# Work instructions
Give the data below again exactly as written, without its pictures.

════════════════

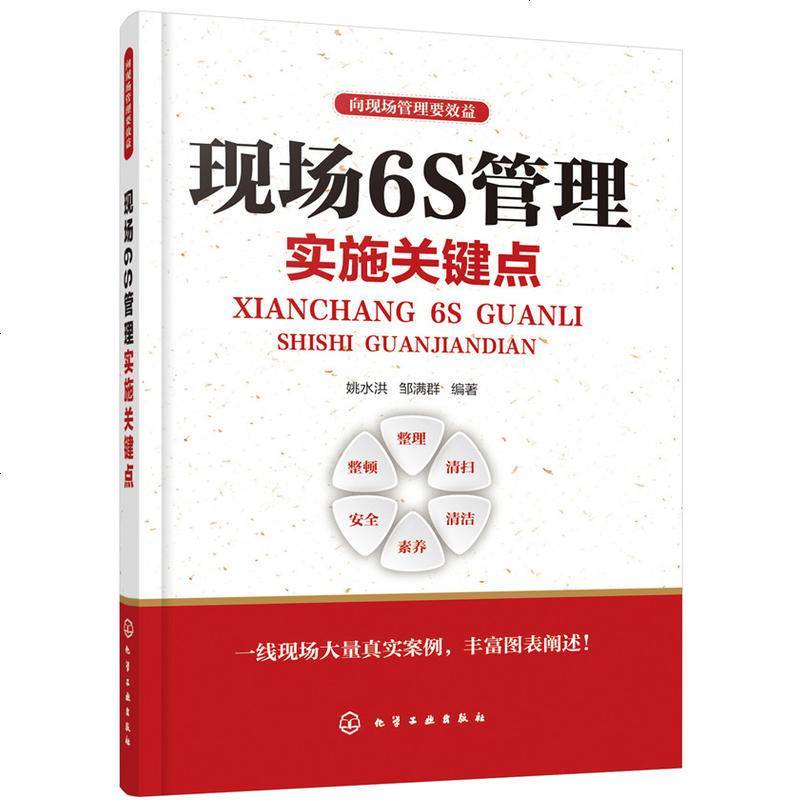 向现场管理要效益现场6S管理实施关键点 6S管理知识体系 清扫实施关键点 企业现场运营管理咨询书 企业现场实战导向运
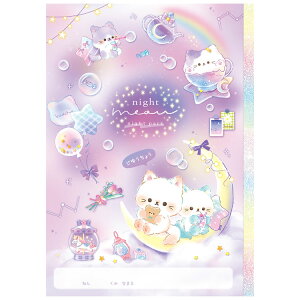 iCg~E sbƎR VwRNV 000548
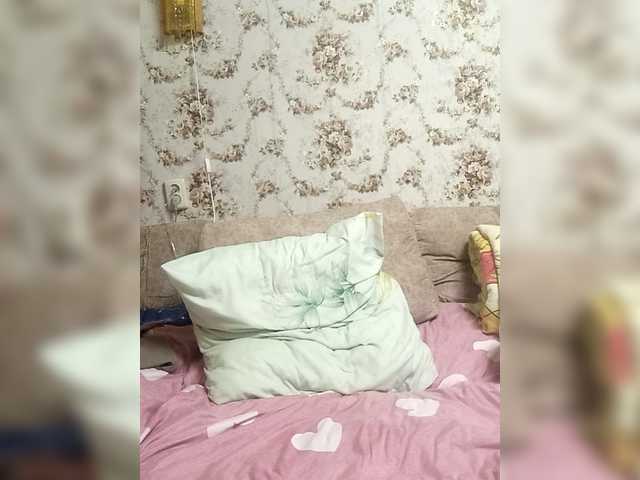 эросцена от Ksenia85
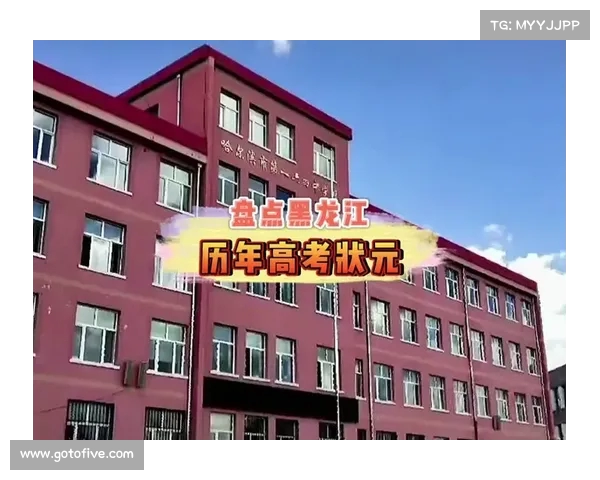 黑龙江高考成绩揭晓,状元惊人取得,震撼全省!(黑龙江高考榜) 黑龙江高考成绩揭晓,状元惊人取得,震撼全省!(黑龙江高考榜)
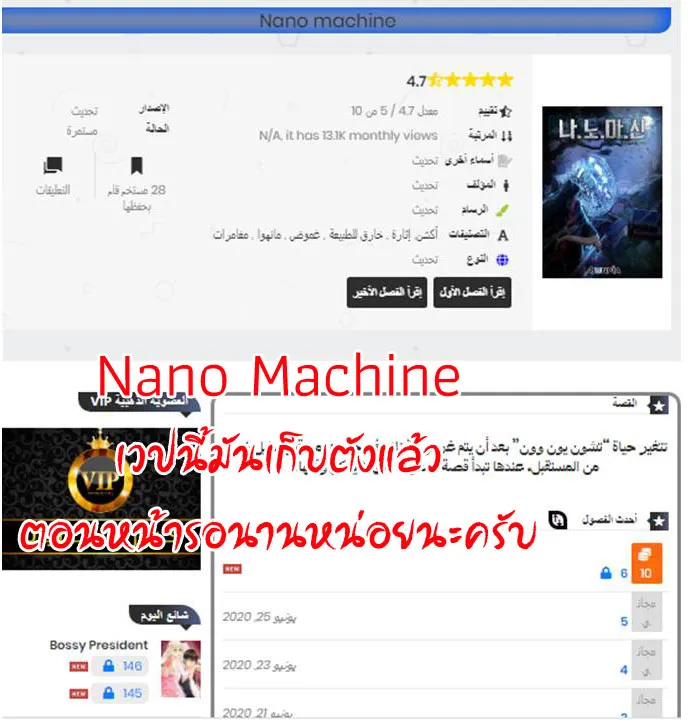 Nano Machine Chapter 4 หน้า 40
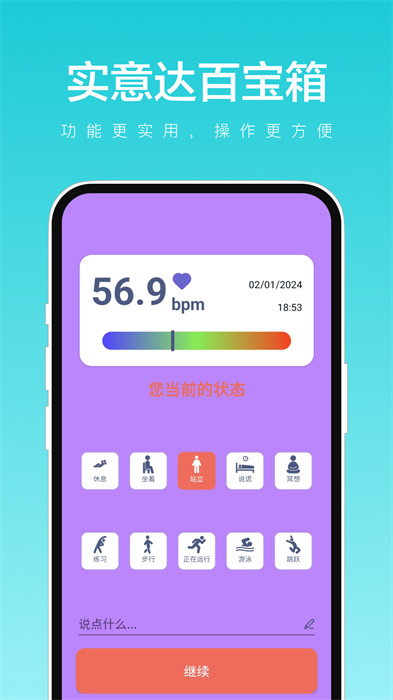 實(shí)意達(dá)百寶箱 v1.0.1 2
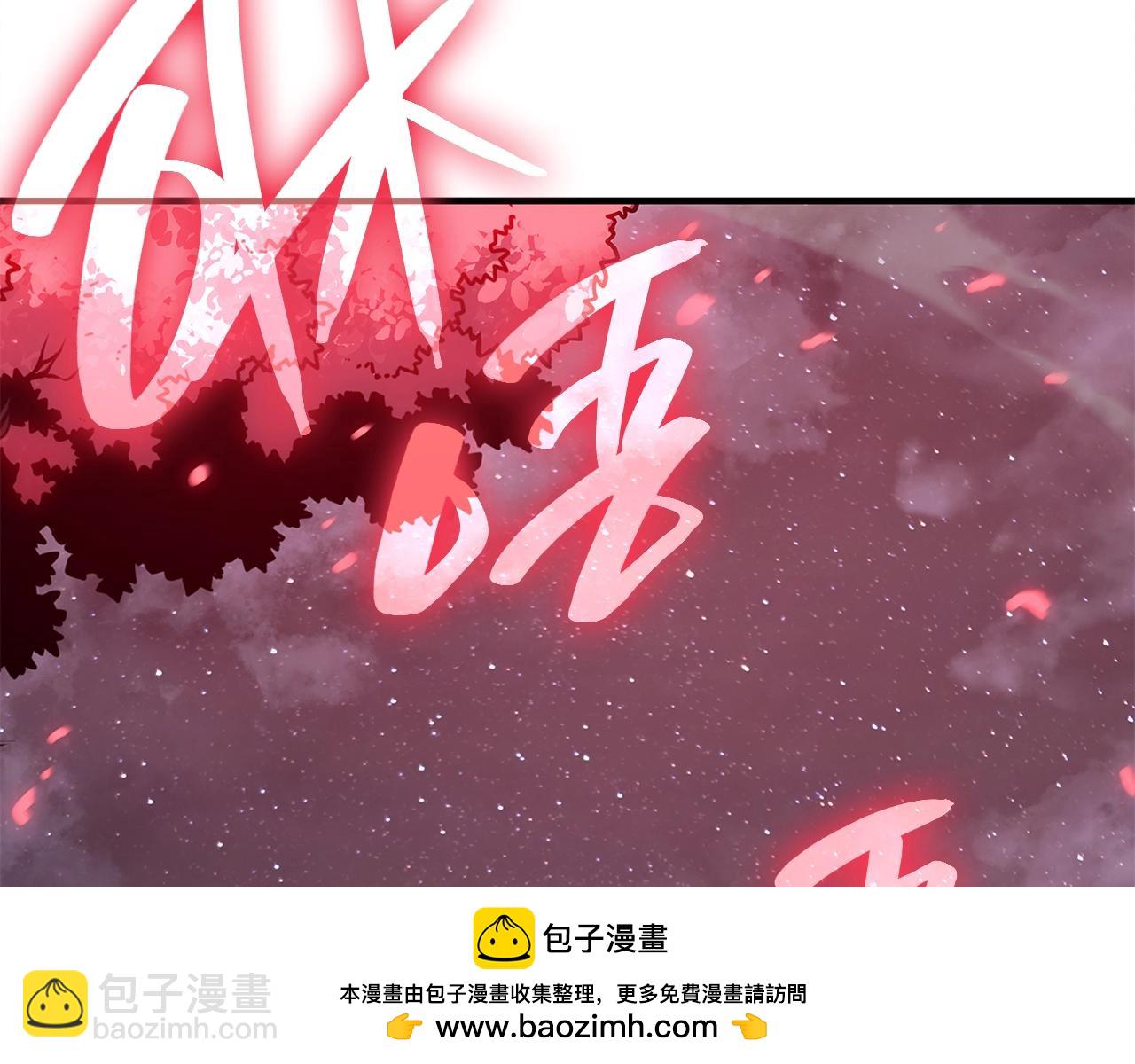 災難級英雄歸來 - 第51話 生吞(1/9) - 2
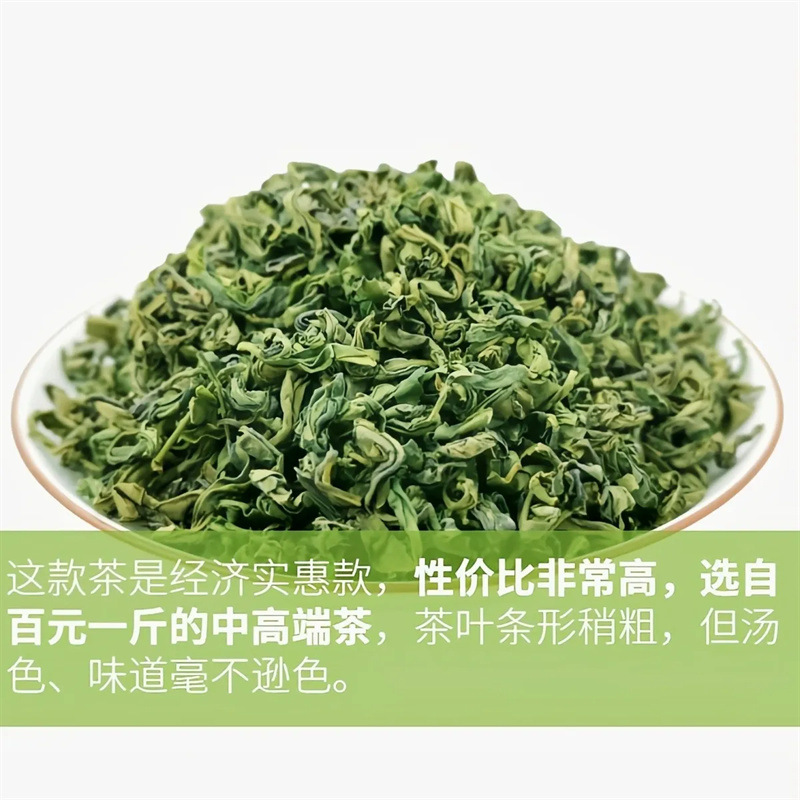 Rizhao green tea bag tea green tea corner tea broken flavor strong resistance to brewing 【many selections】 big leaf tea
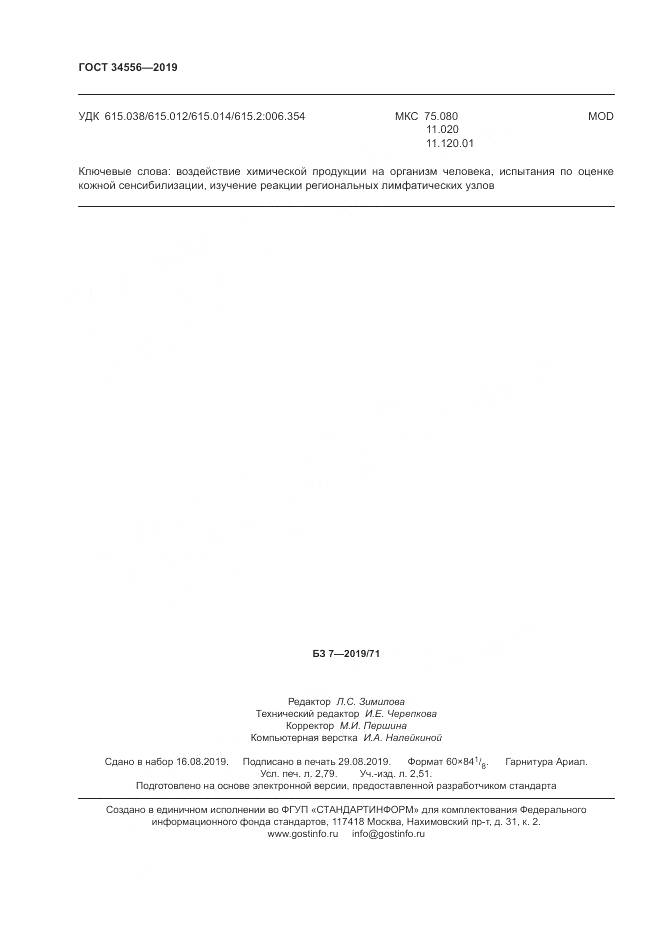 ГОСТ 34556-2019, страница 25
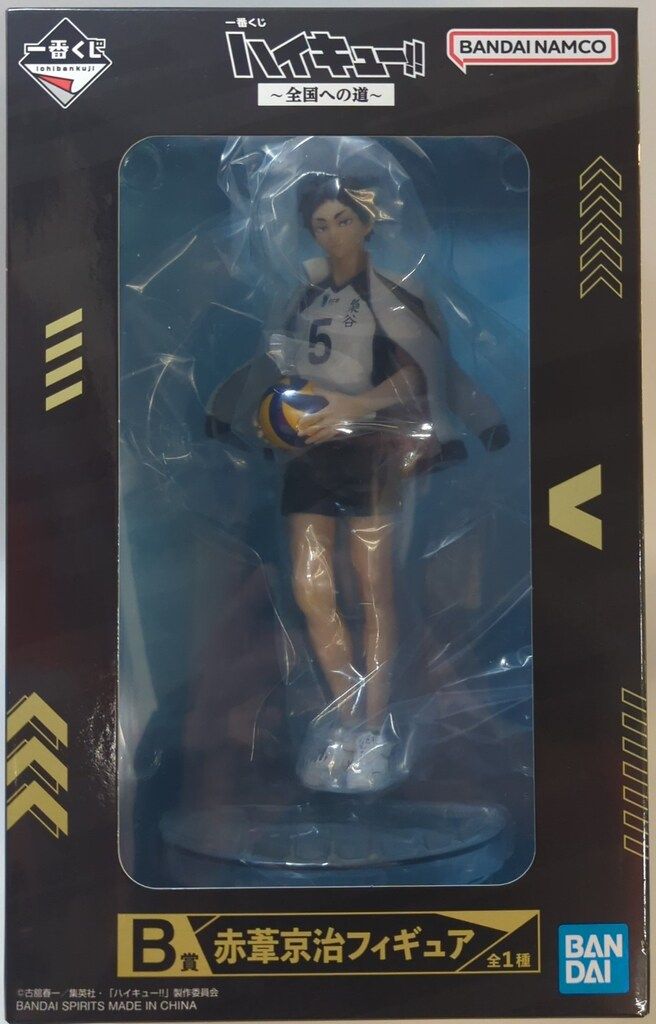 一番 くじ ハイキュー!! ～全国への道～ B 賞 赤葦京治 フィギュア BANDAI SPIRITS 一番くじ ハイキュー!! 全国への道 B賞 赤葦京治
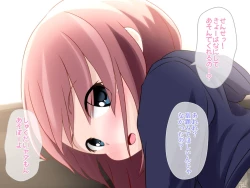 Page 44 of Sensei!! Omutsu Kaete Kudasai!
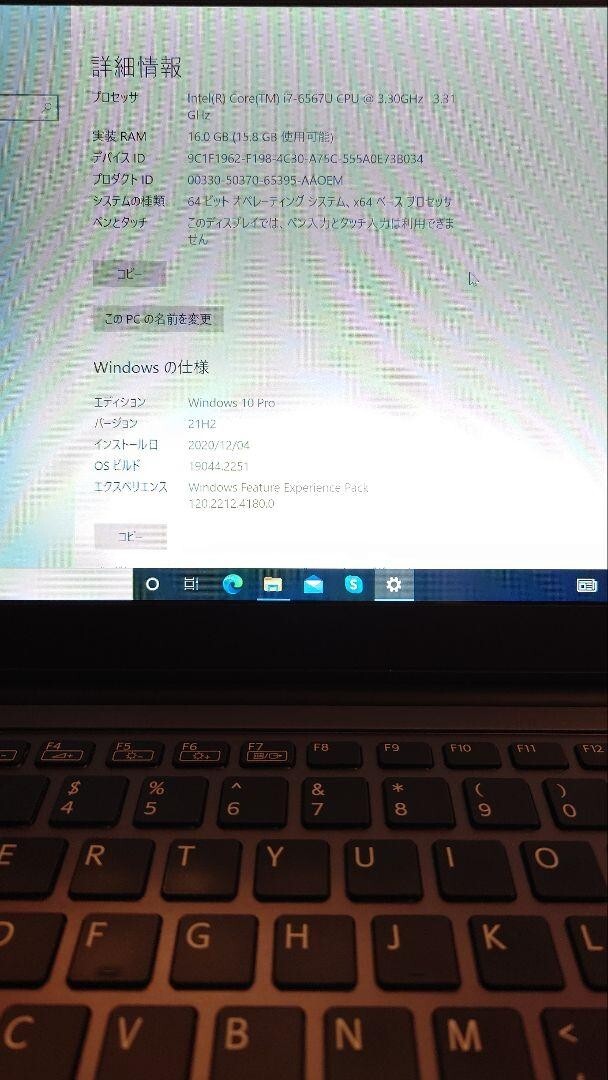 Sony Vaio Z Laptop VJZ1311 RAM:16GB SSD:256GB Core i7 6567U Win10 Pro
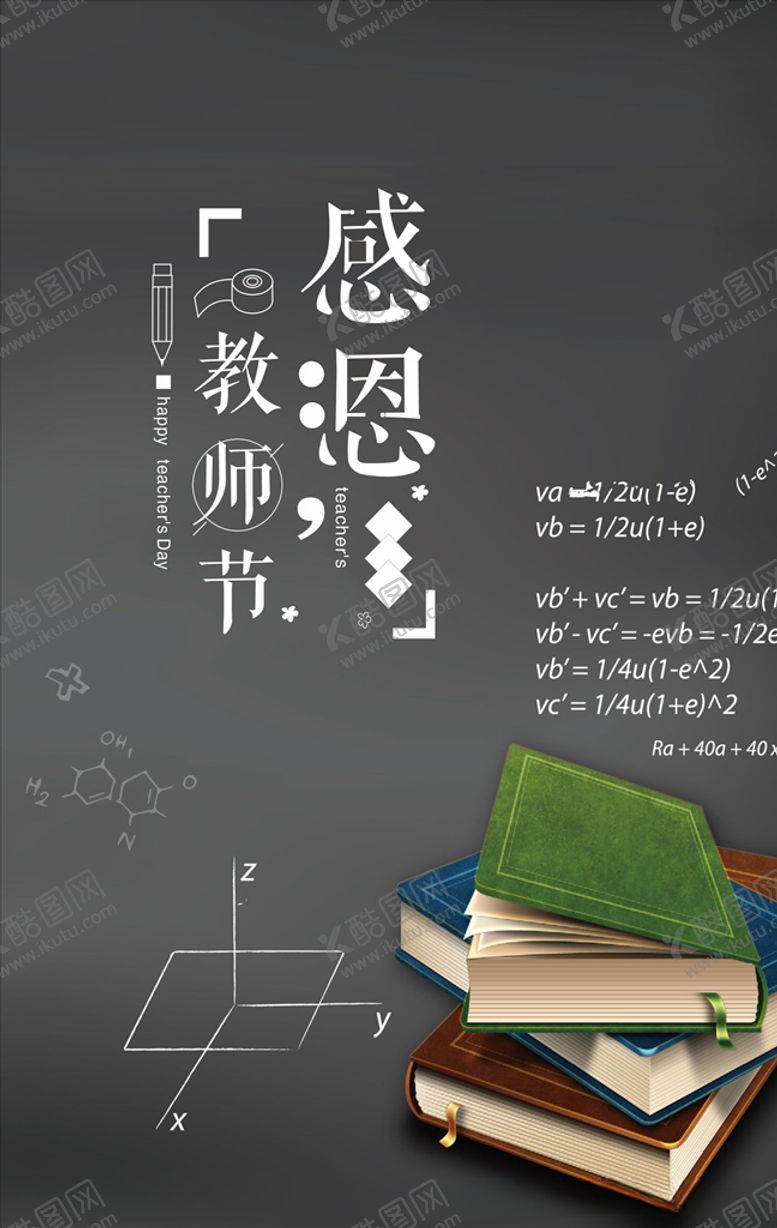 编号：90211205110437055615【酷图网】源文件下载-教师节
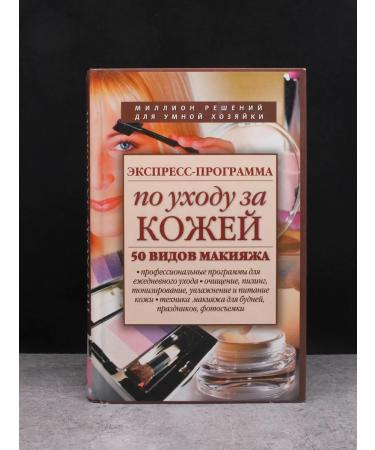 Eksmo Publishing House Express skin care program. 50 types of makeup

════════════════

# Answer
 向现场管理要效益现场6S管理实施关键点 6S管理知识体系 清扫实施关键点 企业现场运营管理咨询书 企业现场实战导向运
 iCg~E sbƎR VwRNV 000548
 эросцена от Ksenia85
 黑龙江高考成绩揭晓,状元惊人取得,震撼全省!(黑龙江高考榜) 黑龙江高考成绩揭晓,状元惊人取得,震撼全省!(黑龙江高考榜)
 Nano Machine Chapter 4 หน้า 40
 實(shí)意達(dá)百寶箱 v1.0.1 2
 災難級英雄歸來 - 第51話 生吞(1/9) - 2
 Rizhao green tea bag tea green tea corner tea broken flavor strong resistance to brewing 【many selections】 big leaf tea
 ГОСТ 34556-2019, страница 25
 一番 くじ ハイキュー!! ～全国への道～ B 賞 赤葦京治 フィギュア BANDAI SPIRITS 一番くじ ハイキュー!! 全国への道 B賞 赤葦京治
 Page 44 of Sensei!! Omutsu Kaete Kudasai!
 Sony Vaio Z Laptop VJZ1311 RAM:16GB SSD:256GB Core i7 6567U Win10 Pro
 编号：90211205110437055615【酷图网】源文件下载-教师节
 Eksmo Publishing House Express skin care program. 50 types of makeup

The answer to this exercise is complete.